I am an avid hunter in PA. I found these nuts and was wondering what kind they are. There is a red oak beside this tree, and I know what a white oak is but this tree and it's nuts look to be from a live oak tree. I looked up images on the web and it looks to be the same as the live oak. I saw on your FAQ that PA is not known for having live oaks. So now I am not sure what kind of a tree or nuts this is. The nut is long and slender (not extremely long though) and the nut was bitter. Any information would be helpful, thanks.

ANSWER:

The distribution maps for Quercus virginiana and Quercus fusiformis do indicate that Pennsylvania is not a native habitat for live oaks.

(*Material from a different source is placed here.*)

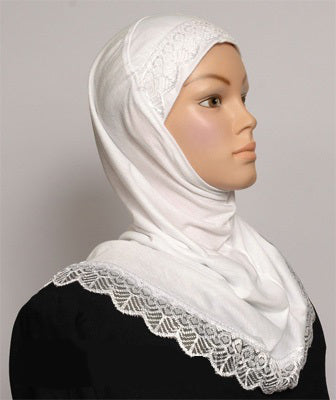 Children's 1-Piece Cotton Hijab with Lace Middle Eastern Boutique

This link to cookforest.com  contains  “Guide to Common Trees in Pennsylvania”. Scroll down to the section titled: Wide and flat; alternate arrangement, and you will discover six species of Oaks that make Pennsylvania home.

Black Oak Quercus velutina (Black oak)

Chestnut oak Quercus montana which is synonymous with  Quercus michauxii (Swamp chestnut oak)  and also Quercus prinus (Chestnut oak)  

Northern Red Oak Quercus rubra (Northern red oak)

Pin Oak  Quercus palustris (Pin oak)

Scarlet oak Quercus coccinea (Scarlet oak)

White Oak Quercus alba (White oak)

Hopefully you can determine the oak you have with this information.